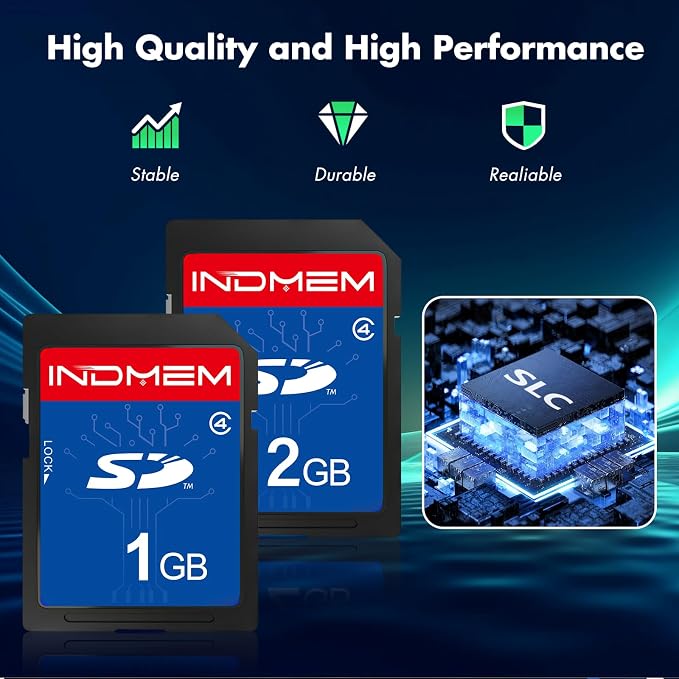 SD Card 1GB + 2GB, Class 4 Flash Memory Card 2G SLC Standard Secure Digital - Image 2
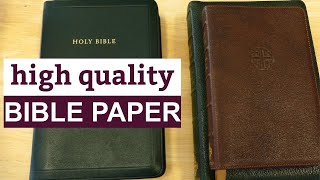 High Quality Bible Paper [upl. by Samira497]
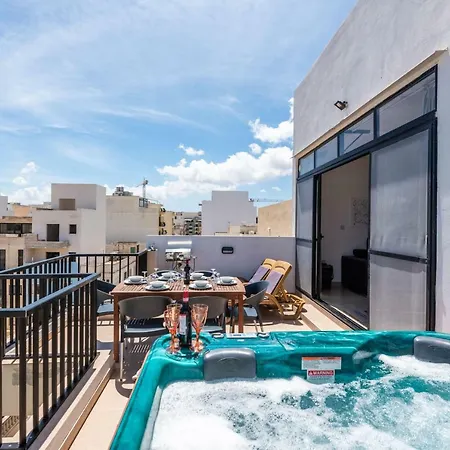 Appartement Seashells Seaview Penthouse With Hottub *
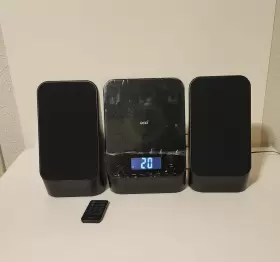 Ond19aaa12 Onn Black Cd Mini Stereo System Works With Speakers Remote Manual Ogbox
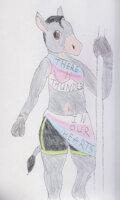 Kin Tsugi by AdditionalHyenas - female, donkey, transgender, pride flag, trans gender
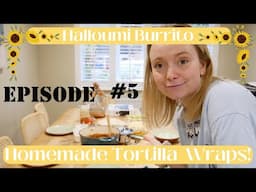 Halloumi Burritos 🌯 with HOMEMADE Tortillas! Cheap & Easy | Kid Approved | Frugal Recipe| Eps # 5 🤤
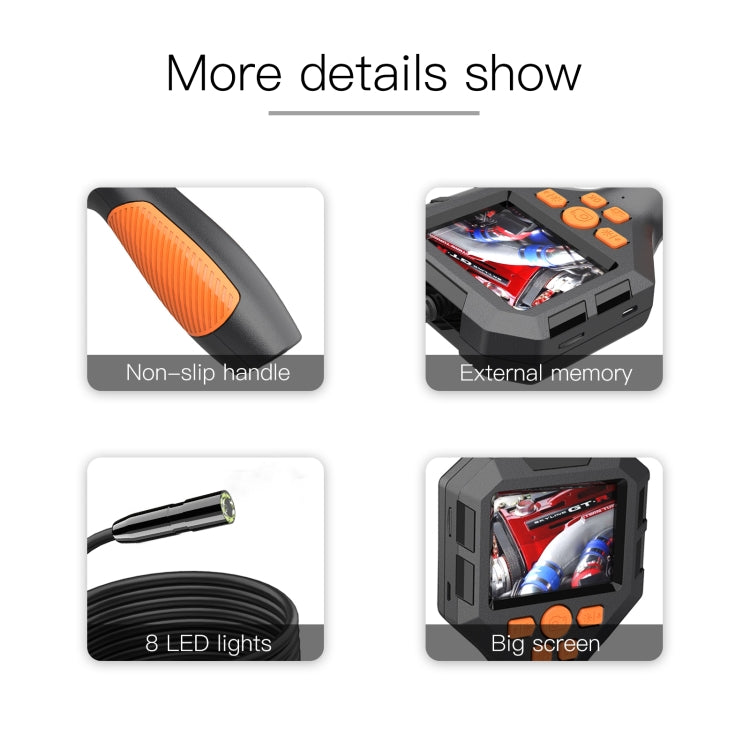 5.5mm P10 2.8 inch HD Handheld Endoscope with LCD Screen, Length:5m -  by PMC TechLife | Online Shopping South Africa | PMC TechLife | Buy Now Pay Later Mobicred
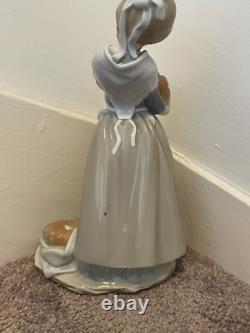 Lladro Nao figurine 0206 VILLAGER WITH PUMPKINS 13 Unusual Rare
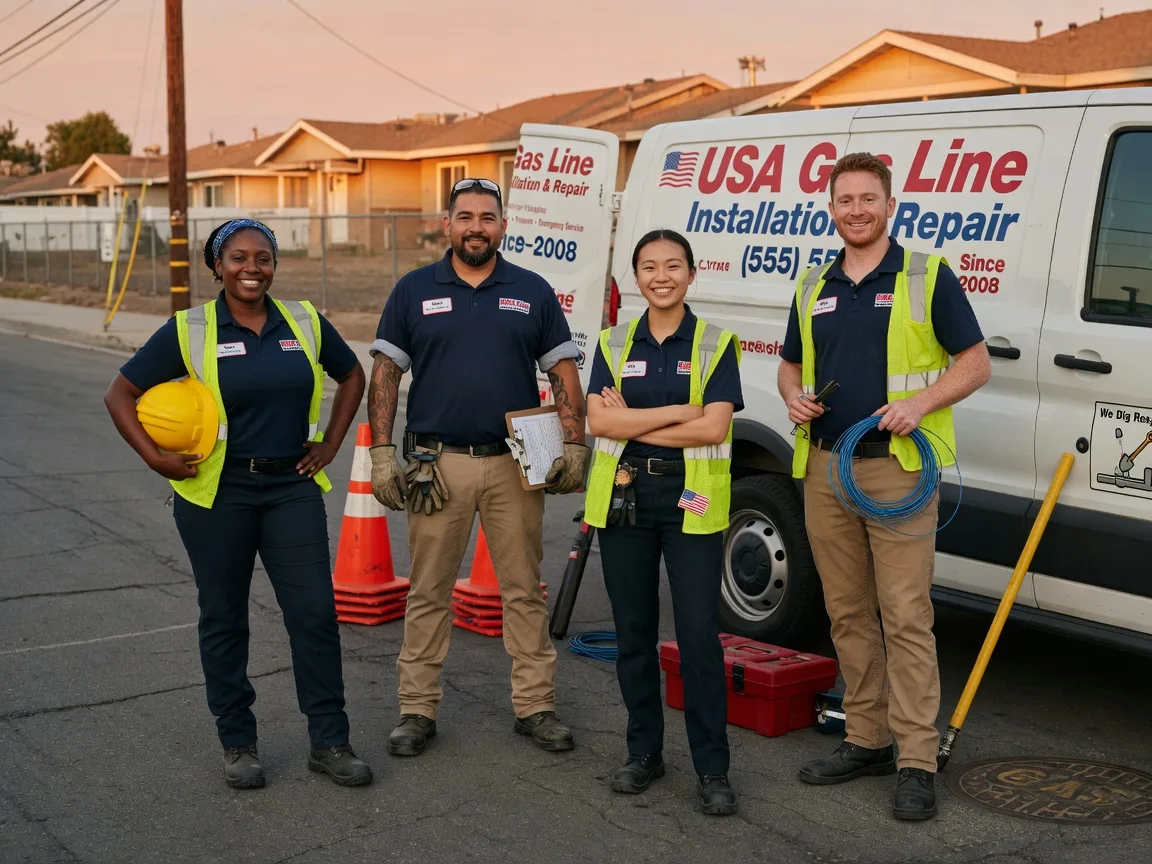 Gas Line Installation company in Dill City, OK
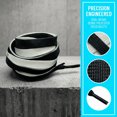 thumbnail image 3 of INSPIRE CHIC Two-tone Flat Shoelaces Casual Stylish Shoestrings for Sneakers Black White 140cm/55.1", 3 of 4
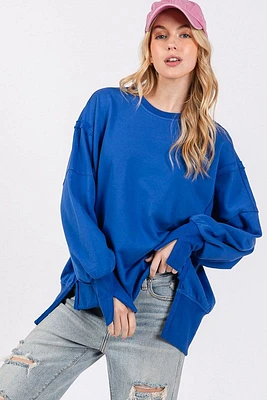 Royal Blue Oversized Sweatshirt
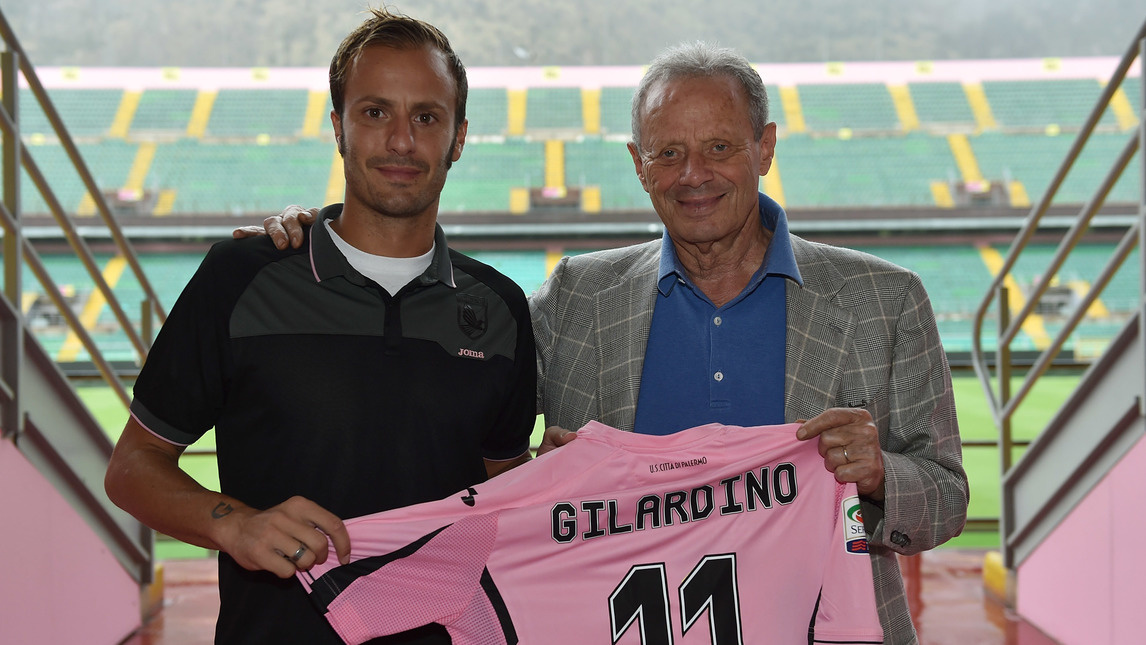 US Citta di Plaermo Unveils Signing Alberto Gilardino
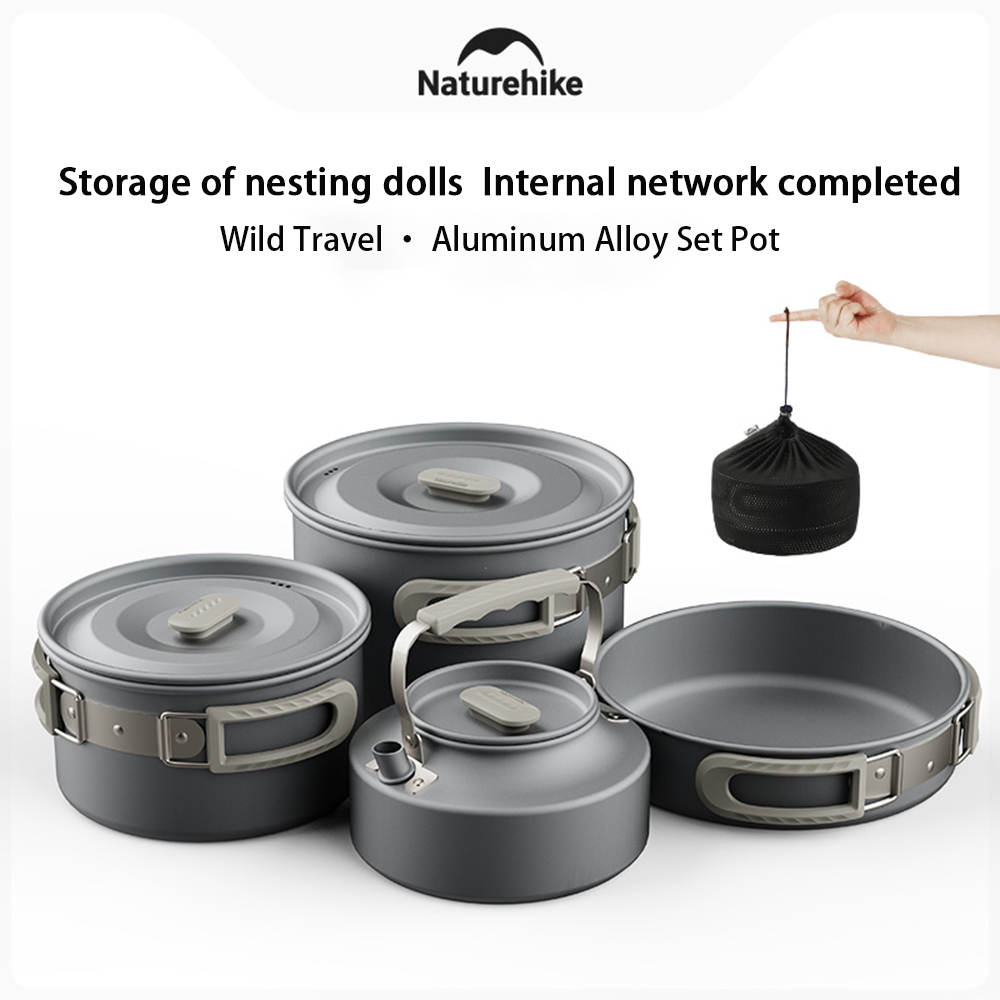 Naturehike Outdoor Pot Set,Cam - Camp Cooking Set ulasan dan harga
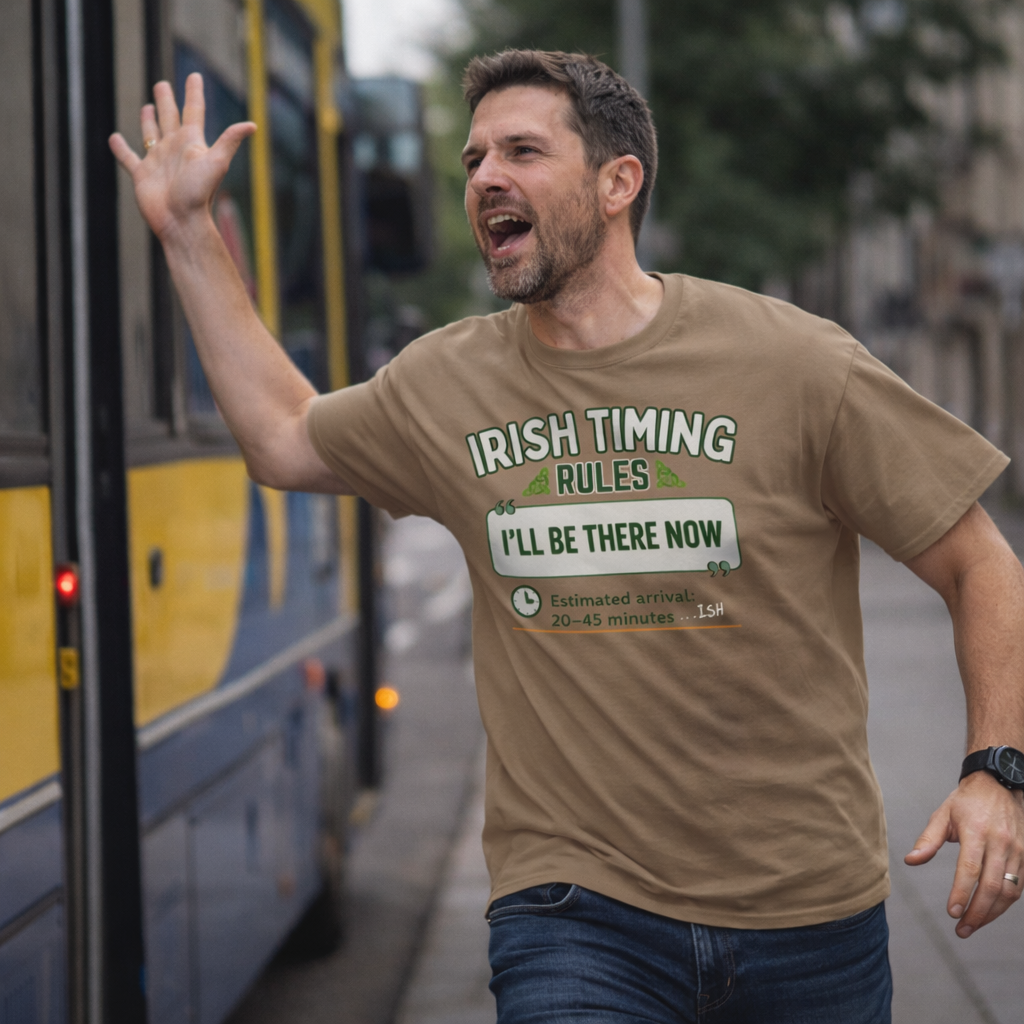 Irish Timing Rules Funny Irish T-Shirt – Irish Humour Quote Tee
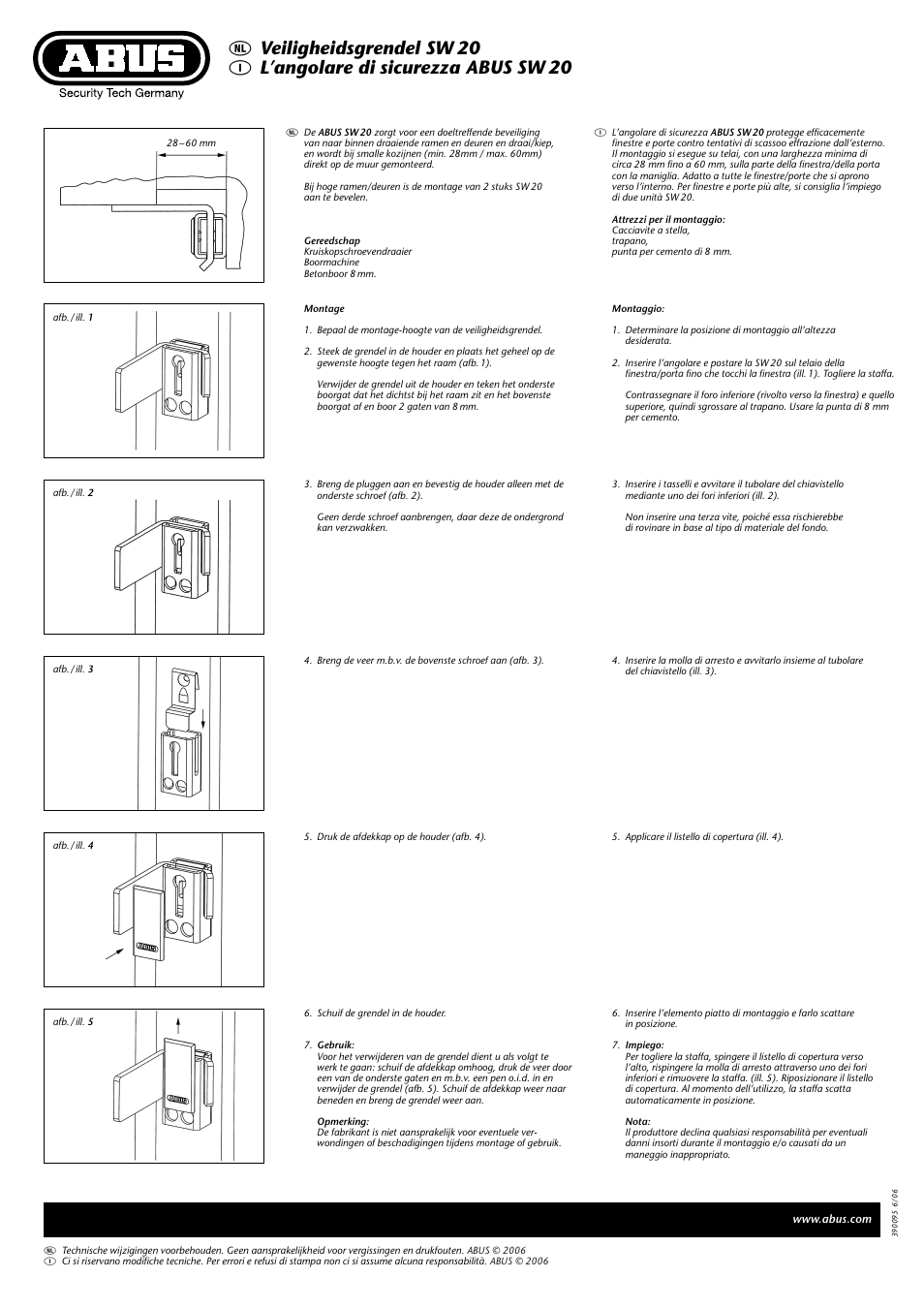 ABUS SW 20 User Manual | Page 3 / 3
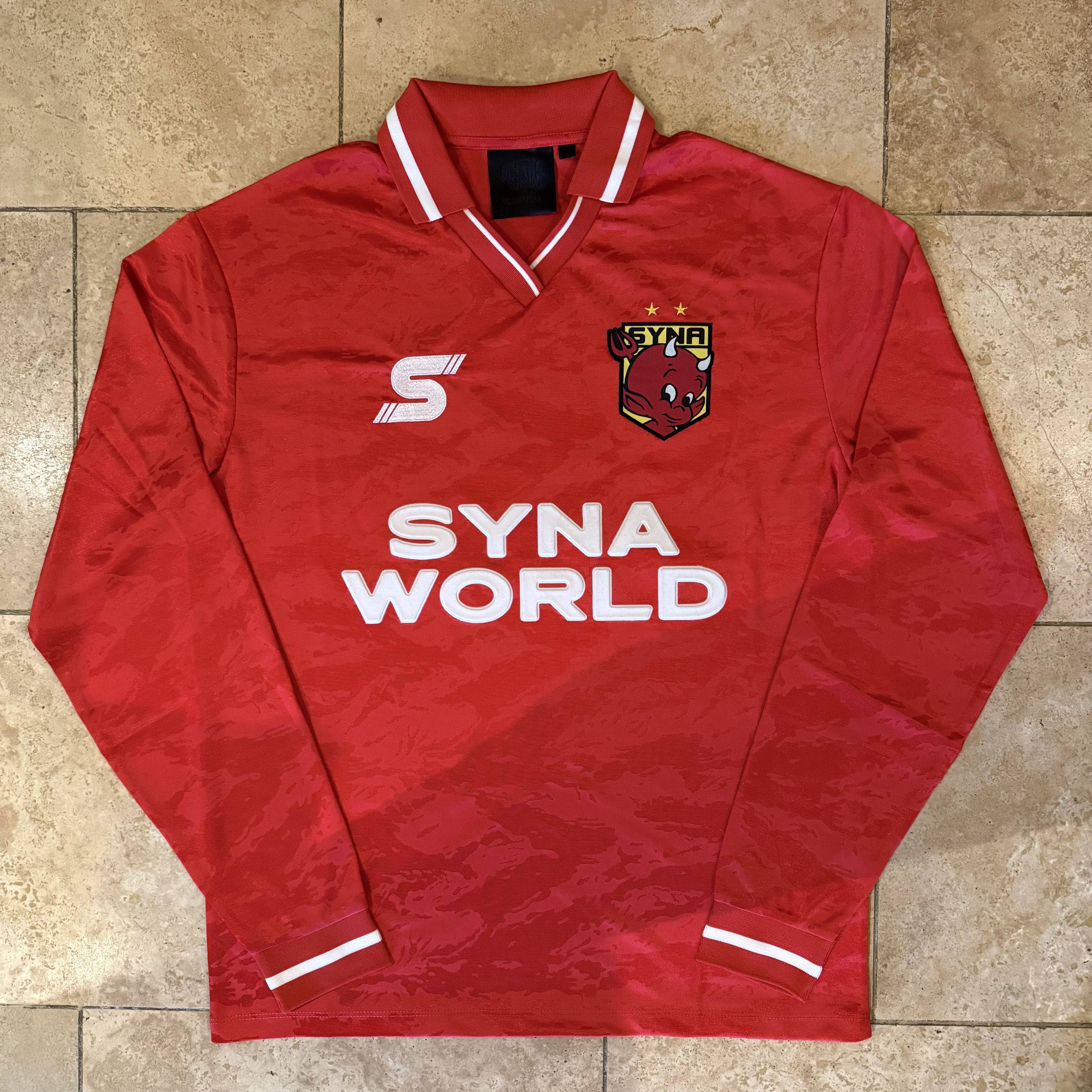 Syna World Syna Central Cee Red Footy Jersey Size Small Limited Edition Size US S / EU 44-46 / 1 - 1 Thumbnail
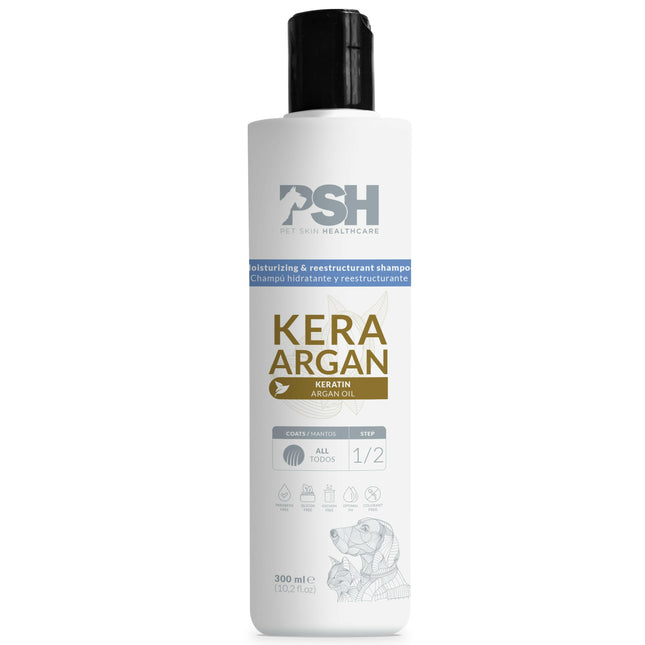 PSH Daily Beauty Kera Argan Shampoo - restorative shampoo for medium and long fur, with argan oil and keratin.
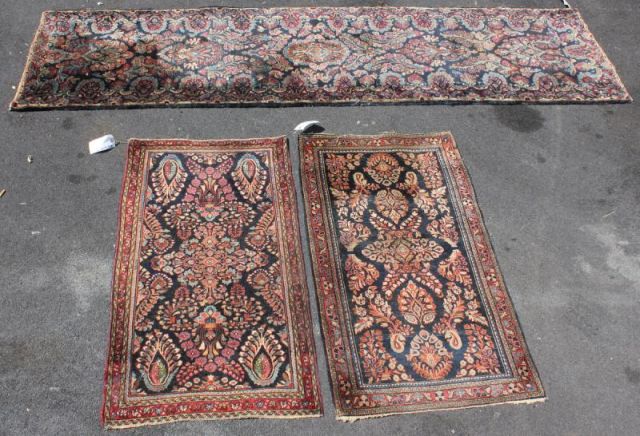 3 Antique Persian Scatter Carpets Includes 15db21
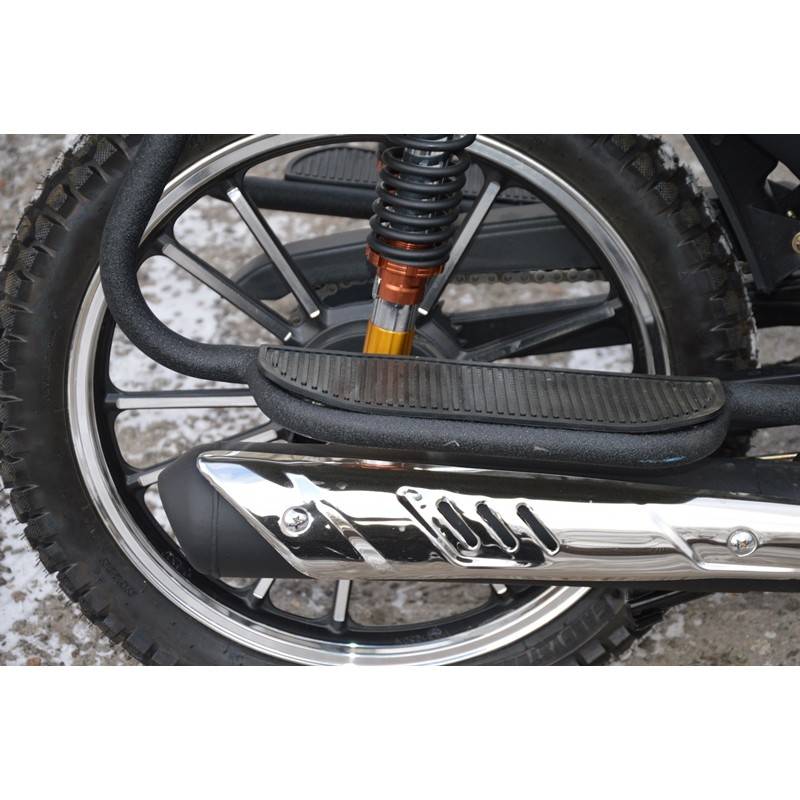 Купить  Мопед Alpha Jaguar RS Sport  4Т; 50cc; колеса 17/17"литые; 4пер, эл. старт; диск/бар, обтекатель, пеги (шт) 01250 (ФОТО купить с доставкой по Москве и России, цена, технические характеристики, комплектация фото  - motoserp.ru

+++

Please copy the lines above exactly, starting at the line that holds "Lladro Nao figurine" and ending at the line that holds "US Citta di"; include both, but no pictures.

 Lladro Nao figurine 0206 VILLAGER WITH PUMPKINS 13 Unusual Rare
 Gas Line Installation company in Dill City, OK
 thumbnail image 3 of INSPIRE CHIC Two-tone Flat Shoelaces Casual Stylish Shoestrings for Sneakers Black White 140cm/55.1", 3 of 4
 Royal Blue Oversized Sweatshirt
 US Citta di Plaermo Unveils Signing Alberto Gilardino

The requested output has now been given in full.